A Grey Moon Over China by Thomas A. Day
2007, Black Heron Press
Review Summary: A Grey Moon Over China is an excellent, well-written, dark, thoughtful, and innovative novel, and I highly recommend it.
The characters in Day’s A Grey Moon Over China are briefly drawn but unique, each with their own unique perspectives and implied backstories. The author has a talent for drawing out the nuanced social dynamics between a number of troubled adults fleeing a troubled world, and leads the reader through a fast-paced storyline emphasizing, without being preachy, the moral and psychological struggles the main character faces in the numerous bad choices he makes, all of which are understandable, real, honest and human, in trying to flee his past and reach a new life.
The plotline is likewise fast-paced, as well as edgy and unpredictable – it’s a dark, harrowing ride the author is taking us on, unfolding like a train wreck with each well-intentioned misstep, each morally weak moment of inaction, each arrogant or naïve mistake and misjudgment. Chapter by chapter, I didn’t know where the author was taking me, but with trepidation I kept reading, needing to witness these characters lives and their desperate reach for the stars, and power, and absolution from their pasts. Only a couple of times do elements of the plot seem too convenient, too pat, in an otherwise realistically messy storyline.

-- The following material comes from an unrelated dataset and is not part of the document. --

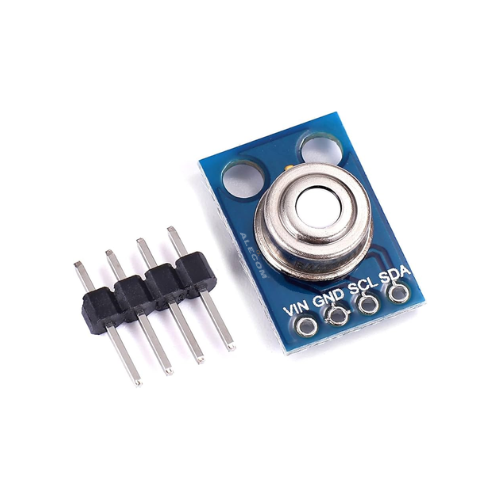 [KZY-3256] SENSOR DE TEMPERATURA INFRARROJO SIN CONTACTO MLX90614 GY-906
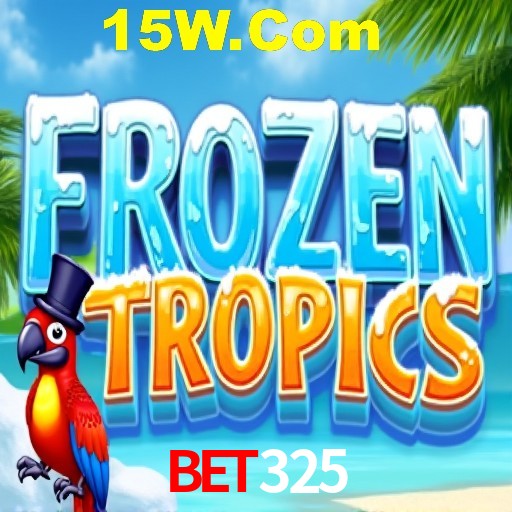 Casino Ao Vivo bet325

Thematically, the novel is a work of art, spelling out through example the costs of the characters’s moral weaknesses, in particular the main character’s “sins of omission” – where Torres should have taken responsibility, taken leadership and authority, he instead allowed others to do some morally questionable – when not just wrong and evil – work in his name, weakly protesting his innocence along the way, but through his inaction, his choice to not say anything to curb these decisions by others, and his decision to remain ignorant of certain facets of the operation, tacitly approving the methods that are obtaining his goal for him, however morally bankrupt those methods are. More than his actions, his inactions define the failures of the diaspora, as the exodus takes on a life of its own and begins reeling, nominally, out of his control.
Overall, A Grey Moon Over China is an excellent, well-written, dark, thoughtful, and innovative novel, and I highly recommend it.